Madame Kapusta, votre dernier mandat vous a conduite, fin novembre 2009, au Spielart-Festival de Munich. Là-bas, vous avez assuré le surtitrage de la pièce de Beatriz Catanis, Finales. Comment était-ce, avec une pièce aussi riche en texte?
C’est une étudiante de l’Instituto Cervantes qui a traduit toute la pièce de l’espagnol en allemand. Un membre de l’équipe de programmation du festival s’est toutefois aperçu qu’elle ne savait pas faire de surtitres, car disons-le, le surtitrage est une forme de traduction spécifique. On m’a donc prié de le faire. J’ai reçu un DVD de la production et je me suis mise à « découper » le texte. L’essentiel du travail consiste à régler le texte sur le rythme de la représentation et cela prend plusieurs jours.
Qu’est-ce qui suit sur le plan technique, une fois que les surtitres sont prêts?
Je commence par rédiger une fiche technique. J’y consigne par écrit où je dois être assise et de quel équipement technique j’ai besoin. Je propose, ce qui est plutôt rare, l' offre complète : je traduis, je me charge de la conversion sur Power Point et je sais aussi me servir d’un vidéoprojecteur. Au moment de l’installation technique, il faut bien sûr que quelqu’un soit là pour monter ou baisser l’écran par exemple.
Puis on fait un filage. Le DVD que je visionne a souvent été enregistré lors de la générale. Si la première remonte déjà à quelque temps, des modifications ont été opérées dans le texte et dans le rythme. Certes, le filage, les troupes doivent de toute façon le faire pour travailler leurs déplacements dans un nouveau théâtre. Mais souvent, elles ne disent pas le texte au rythme fixé, elles l’esquissent juste. Alors que moi, je dois m’en tenir au rythme normal. D’un autre côté, je ne peux pas exiger d’un Michel Piccoli octogénaire qu’il donne tout pour deux heures de filage et qu’il rejoue deux heures le soir. Je n’ai donc plus qu’à me fier au DVD et à prier que rien n’ait changé !

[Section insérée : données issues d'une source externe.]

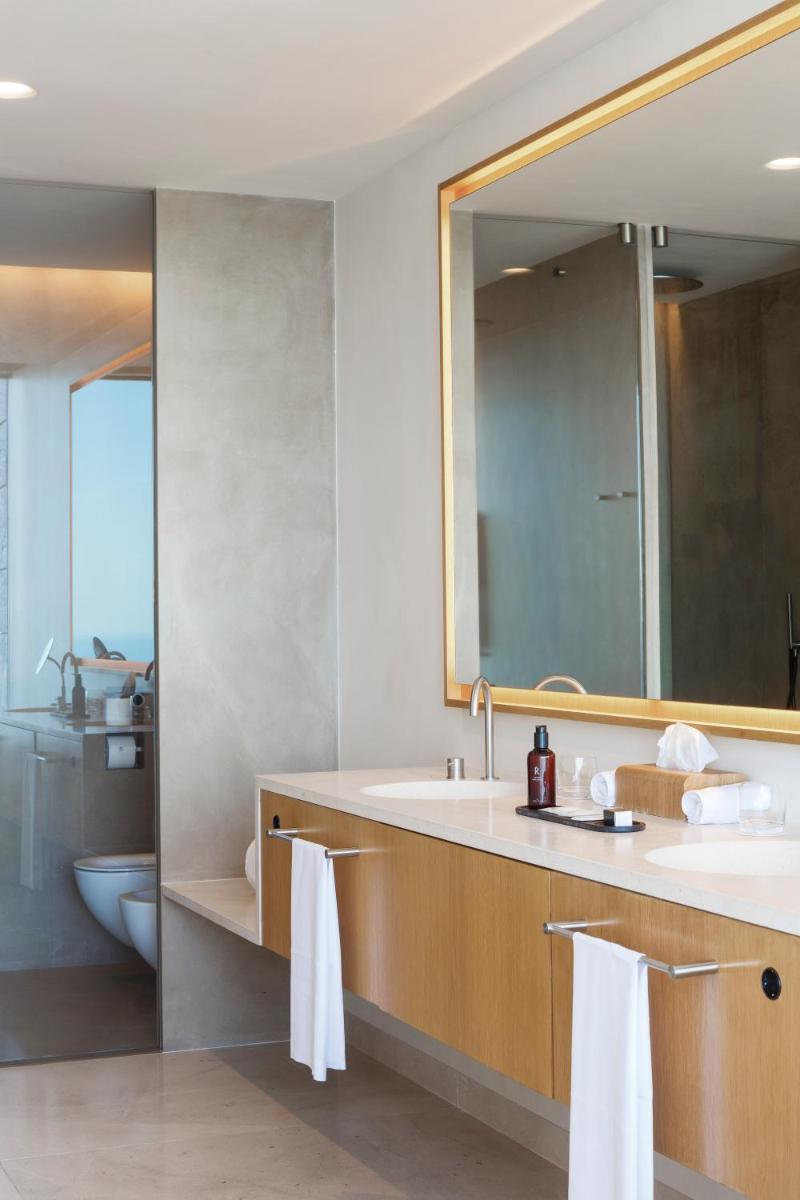Un baño de Akelarre - Relais & Châteaux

En tant que surtitreuse et opératrice de surtitres, qu’avez-vous eu à faire lors des trois représentations à Munich?
Durant les représentations, je devais être pleinement concentrée pendant deux heures et demie. Dans cette pièce, on parle, on parle, je n’ai pas eu une seconde de répit. C’est épuisant. De plus, on est souvent mal assis. A cela s’ajoute que je note toujours les possibilités d’amélioration. Parfois, il y a un mot que je préférerais traduire autrement. Ou alors, j’insère encore une pause ici ou là.
Il arrive aussi que les comédiens sautent des répliques ou qu’ils se trompent. Si je n’ai pas d’obturateur pour couvrir les répliques sautées, je suis obligée de les faire passer à toute vitesse. Il est amusant de voir que les spectateurs croient toujours que c’est la surtitreuse qui a commis l’erreur. Beaucoup ne réalisent pas que les surtitres sont envoyés en direct.

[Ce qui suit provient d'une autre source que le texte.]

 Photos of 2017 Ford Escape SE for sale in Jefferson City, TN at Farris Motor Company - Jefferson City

Dans votre travail de diplôme, vous insistez à plusieurs reprises sur le fait que le manque de coordination en amont de la représentation d’une production en tournée conduit souvent à des surtitrages insatisfaisants. Comment cela s’est-il passé à Munich?
II n’y a pas eu de mises au point préalables, mais par bonheur, on a pu projeter les surtitres sur le fond clair de la salle. La situation standard, qui consiste à projeter les surtitres sur un écran fixé au-dessus de la scène, pose toujours problème. Les reproches que j’entends sont souvent les mêmes : l’écran est fixé trop haut et l’on se tord le cou. Ou alors, l’éclairage sur scène est si fort que l’on ne peut plus lire les surtitres. Au fond, il faudrait pouvoir collaborer avec la régie lumière quand on sait que la production va partir en tournée.